The Lamborghini Countach LP 5000 Quattrovalvole is the most muscular pre-Anniversary Countach and one of the clearest symbols of the 1980s supercar era. Launched for 1985, it kept the Marcello Gandini wedge shape but added the major mechanical change buyers had been waiting for: a 5,167 cc four-valve-per-cylinder Lamborghini V12. In European downdraft-carbureted form, Lamborghini quoted 455 CV, giving the QV the power to match its poster-car looks. U.S. fuel-injected cars were cleaner and more compliant but less powerful.

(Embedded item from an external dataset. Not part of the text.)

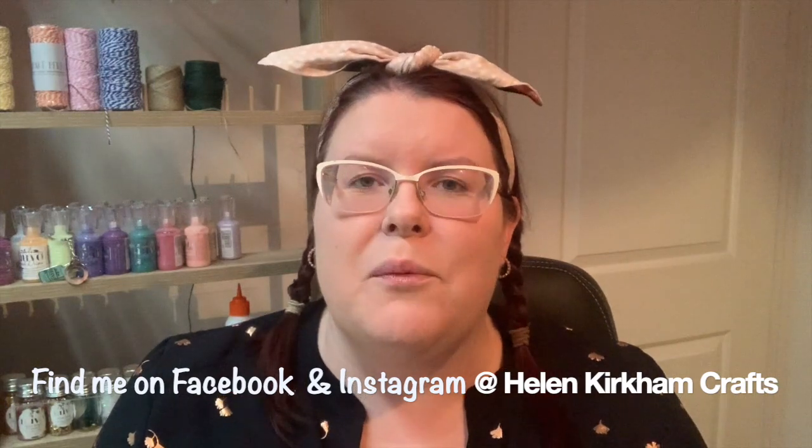Thanks everybody for watching. I really hope you've found that useful, both to know what you get in your kit and also some things you can make with it when they arrive. Thanks so much to everybody who subscribed and for all the comments. If you need any help or advice about the kit, please drop me a message in the comments below and I'll reply as soon as I can. Look forward to seeing you again when I've got another kit coming soon. Thanks, bye!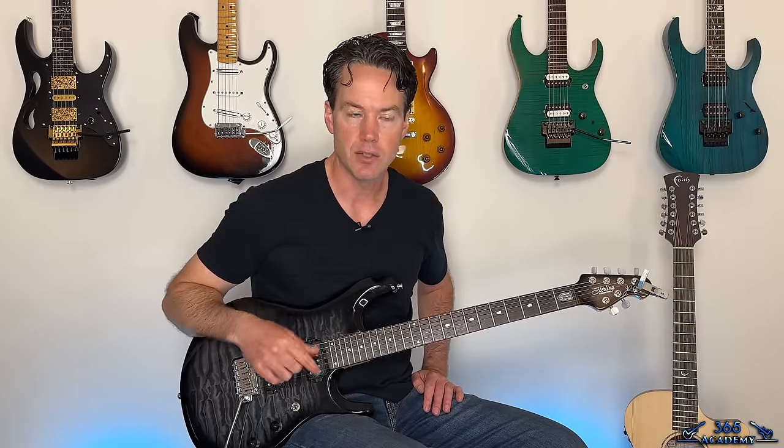Hey guys, it is Carl Brown from guitarlessons365.com. I got a fun one today — we're learning how to do "In My Dreams" by Dokken. George Lynch is one of my favorite guitar players of all time. He's got a killer guitar style, and this song is my favorite Dokken song.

Collectors still care because the QV sits at a sweet spot. It has more engine than the LP400 S and LP500 S, but it avoids much of the heavier visual restyling of the 25th Anniversary. For buyers, the hard work is not finding drama; it is finding originality, correct specification, strong documentation, and a car that has been maintained by people who understand Countach realities.

Table of Contents

Why the LP 5000 QV Still Matters

The LP 5000 Quattrovalvole matters because it turned the mature Countach into a genuinely stronger, more highly developed V12 supercar. It was not a clean-sheet redesign, but it was the most important engine upgrade in the model’s later life.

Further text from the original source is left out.